Harper’s galaxy of friends and dance world figures included Bill “Bojangles” Robinson, a native of Richmond’s Jackson Ward. He was Hollywood’s highest-paid black performer in the first half of the 20th century and counted “The Little Colonel,” that co-starred Shirley Temple in 1935, among his box office hits. In March 1932 Harper, who is still referred to as “Miss Harper” by former acolytes, asked the renowned tap dancer to appear in a charity event here. He declined via a letter that is now in the archives of the Virginia Museum of History & Culture: “I’m on my way to California with my unit of 30 people playing the RKO houses — so you see by April 22 I’ll be quite away out west. However, at some other time when I’m not working, I’ll do what I can to help you out.”

In the early 1940s Harper, who was married to lumberman Fitz-Randolph Marston with whom she had two children, introduced the sister-and-brother Beaty siblings, who lived nearby, to the world of performing — via tap dancing and ballet. Today, famously known as Shirley MacLaine and Warren Beatty (he added the second ‘t’), the two are Hollywood royalty. MacLaine has been nominated for six best actress Academy Awards. She won for “Terms of Endearment” in 1984. Beatty has been nominated for 15 Academy Awards and won two, for best direction of “Reds” in 1981 and the 1999 Irving G. Thalberg Award for producing. These native Richmonders moved to New York and later bridged the gap in the late 1950s and ’60s between the Golden Age of Hollywood and the modern era.

MacLaine, born in 1934, and Beatty, born in 1937, were the children of Kathlyn MacLean Beaty and Ira Owen Beaty. The latter was the principal of Westhampton School on Patterson Avenue. The Beatys lived in the Bellevue neighborhood at 3954 Fauquier Ave. and the children attended Ginter Park Elementary School.  One classmate of MacLaine’s was Carter Smith Pollard who lives in Bellevue. She says that since MacLaine and she were tall they were assigned desks in the rear of Mrs.
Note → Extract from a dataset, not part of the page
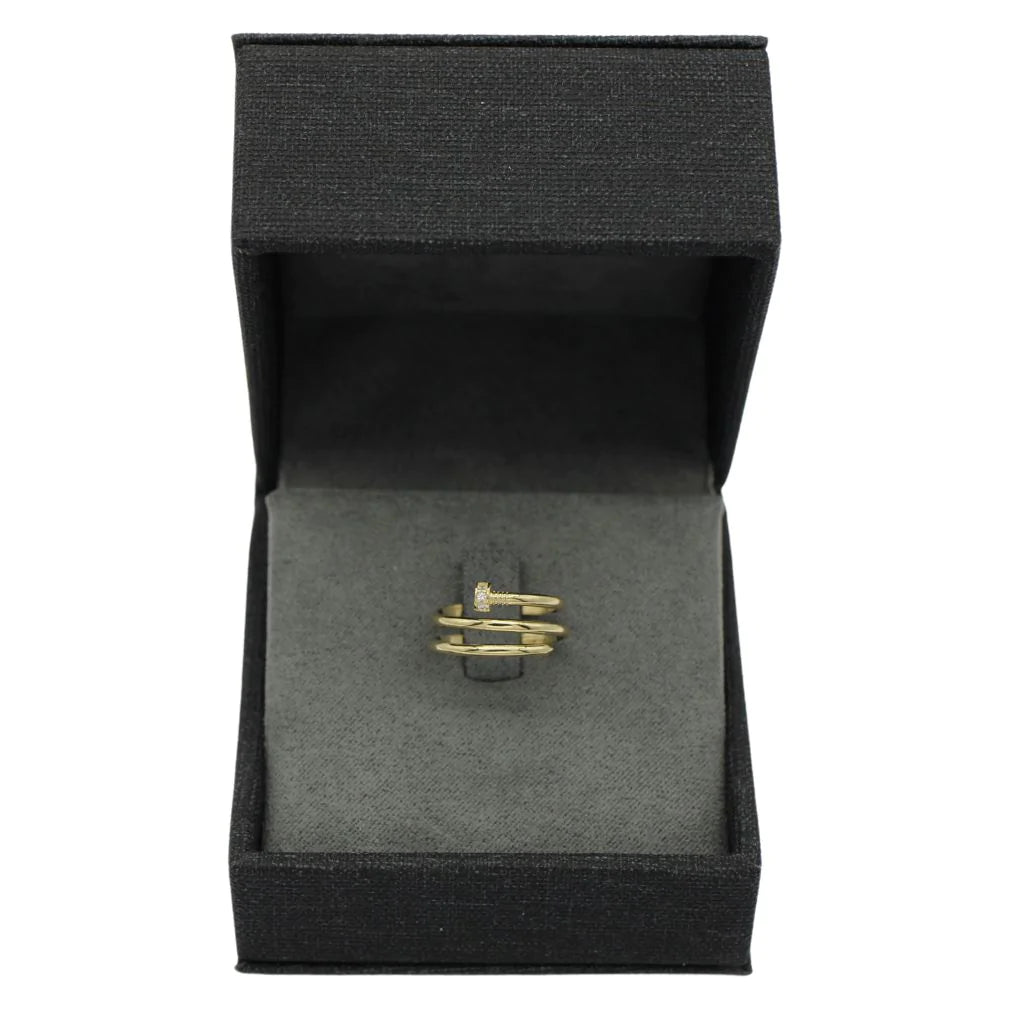 Inel Aur 14k Cui cu Pietre Zirconia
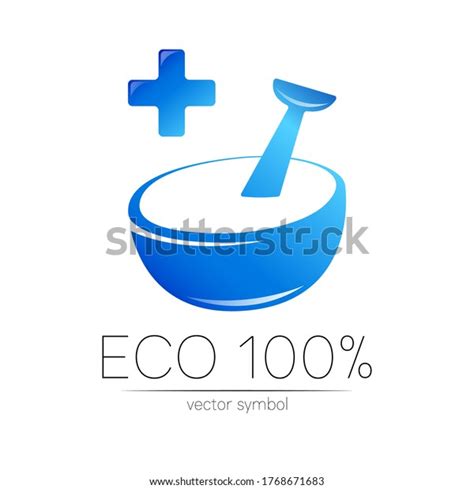 Vector Mortar Pestle Blue Symbol Logo เวกเตอร์สต็อก ปลอดค่าลิขสิทธิ์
Clark’s six-grade classroom.

Merida Marston, at right, granddaughter of esteemed dance teacher Julia Mildred Harper (left photo c. 1940), with her mother, Nancy Marston Rechenbach, and her stepfather, Ronald Rechenbach, in the studio wing of the family home at 3511 Chamberlayne Ave. that is on the market.
  • Merida Marston, at right, granddaughter of esteemed dance teacher Julia Mildred Harper (left photo c. 1940), with her mother, Nancy Marston Rechenbach, and her stepfather, Ronald Rechenbach, in the studio wing of the family home at 3511 Chamberlayne Ave. that is on the market.

“We got in trouble because we talked a lot,” Pollard says. “Once, when we threw spitballs at a straight-A student, Anne Stuart Hartz, I got caught, she didn’t.” Pollard also says that then-third-grader Warren Beatty told her the first dirty joke she’d ever heard on the steps en route to a school assembly. It was innocent.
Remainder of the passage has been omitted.